Task goal:
Please copy only the material from the line that has "Used Death by Audio Used" to the very last line, both ends included, exactly as written and without pictures.

Supplied material:

== == ==

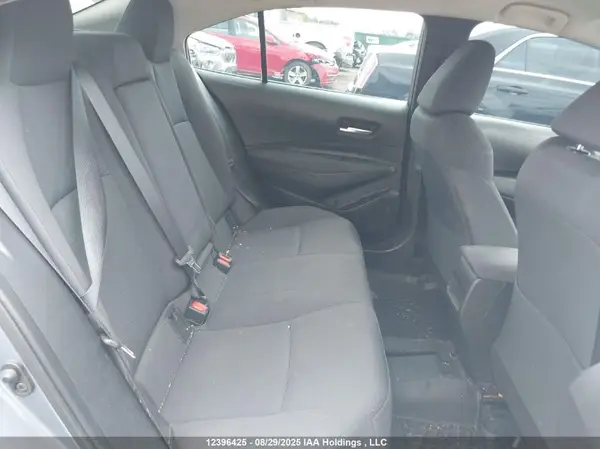 5YFBPRBE0LP117718 2020 TOYOTA COROLLA - Image 8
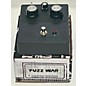 Used Death by Audio Used Death By Audio Fuzz War Effect Pedal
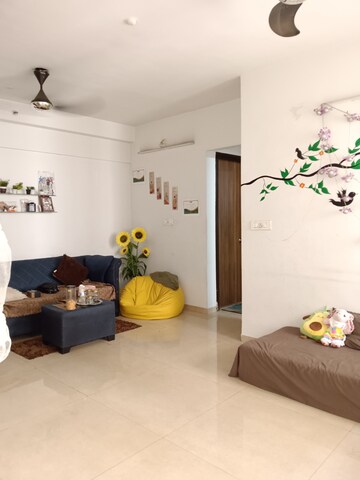 2 BHK Apartment For Rent in Lodha Palava Aurelia D to G, Dombivli East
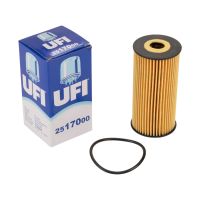 UFI oil filter insert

== == ==

Response to the exercise:
 Used Death by Audio Used Death By Audio Fuzz War Effect Pedal
 2 BHK Apartment For Rent in Lodha Palava Aurelia D to G, Dombivli East
 UFI oil filter insert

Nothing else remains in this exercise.